The Brazilian will, of course, be impacted by the changes, as he will start fighting only with blind judokas, like him. Tenório, however, believes that the reduction of categories, as a result of class separation, hinders rather than helps. In men's, four divisions remained: up to 60 kg, up to 73 kg, up to 90 kg and over 90 kg. Those for women are: up to 48 kg, up to 57 kg, up to 70 kg and over 70 kg.

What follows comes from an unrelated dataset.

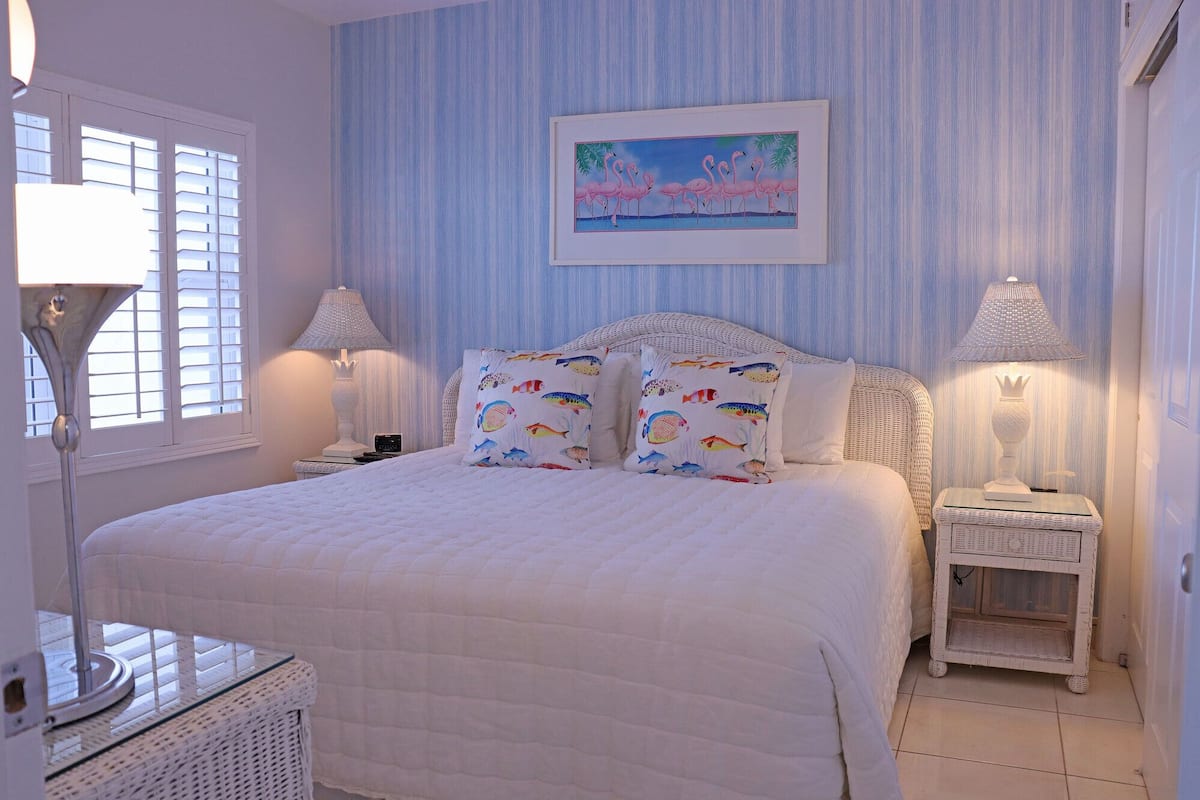A bedroom with a large bed, two bedside tables, a nightstand, a lamp, a framed picture, and a window with blinds.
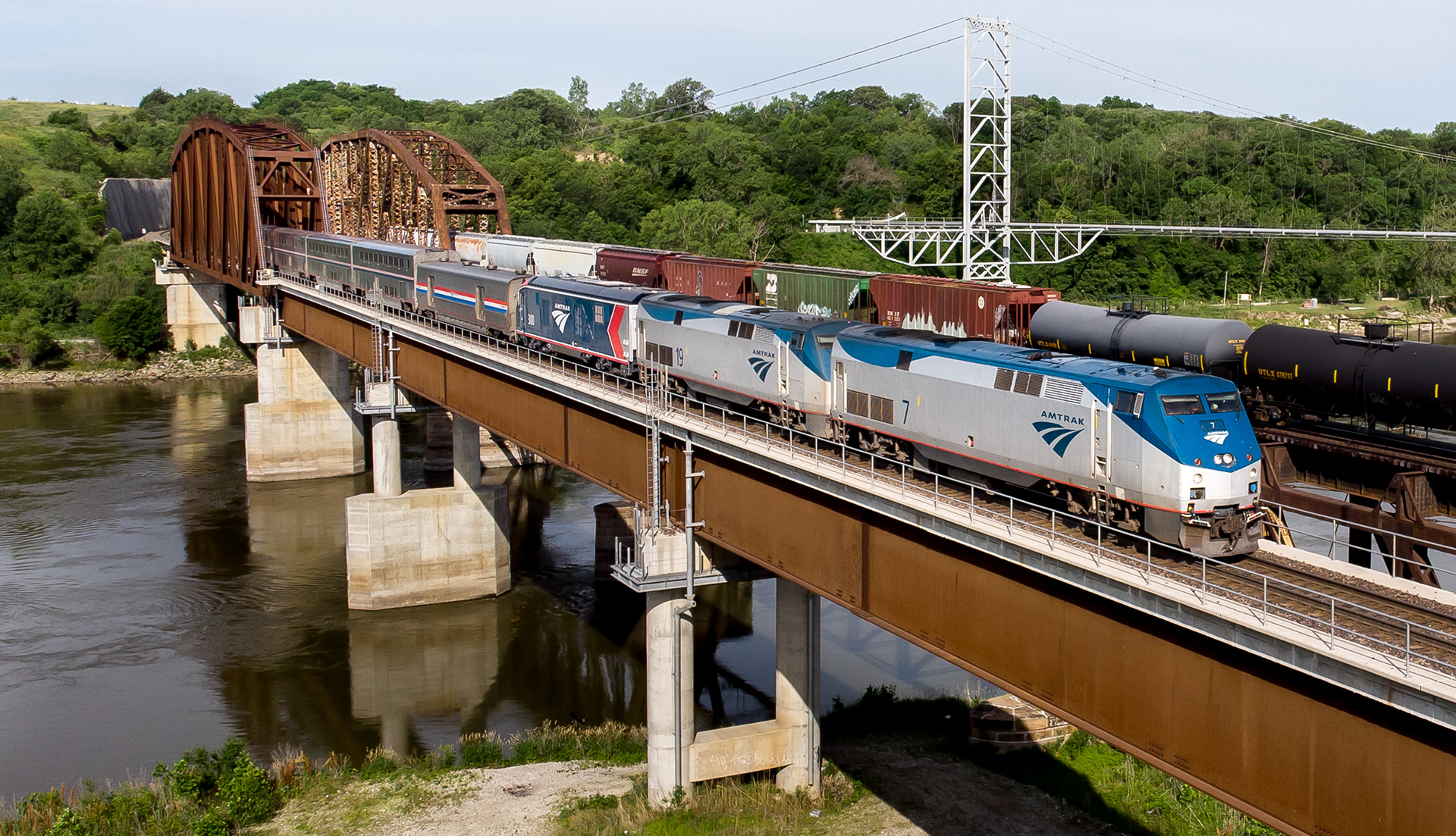 Amtrak P42DC #7, #19, and a Siemens ALC-42 #300 lead the #6 California Zephyr across the Missouri River outside Plattsmouth, Nebraska. The ALC-42 is the first of Amtrak's new Siemens locomotives to be delivered. It will be set aside for a media event in Chicago on June 15th before continuing on east where it will go under testing over the summer on Amtrak's Northeast Corridor. 06.14.21.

“The way it was done, it doesn't bring any advantage to B1, as they killed three categories. Including mine [up to a hundred kilos]. A person [slightly above] 60 kilos may have to fight someone 70 kilos. Or someone weighing 90 pounds face someone over a hundred. It's not fair, as you end up competing with someone who is physically stronger. If the seven [male] categories were kept, it would be fairer. Can you imagine the champion of my division [British Chris Skelley, who is B2] having to face the Georgian [Revaz Chikoidze, silver in Tokyo in the category over 100 kilos, also B2], with almost 180 kilos? No matter how technical a judoka is, it's impossible”, analyzed Tenório.

At this time, the four-time champion would compete between athletes weighing over 90 kilos, where he would have as his rival his compatriot Willians Araújo, silver in the Paralympic Games in Rio de Janeiro, in 2016, who already competed with judokas weighing over 100 kilos. The way out would be for Tenório, currently at around 100 kilos, to gain mass to compete with heavier opponents or to lose weight to less than 90 kilos and drop in category.

“At my age, weighing 120 or 130 kilos would be harmful to my health. It wouldn't work. In 2015 I managed to lower it to 90 kilos. It wouldn't be impossible, but it would need quality training and support”, he concluded.

Text translated using artificial intelligence.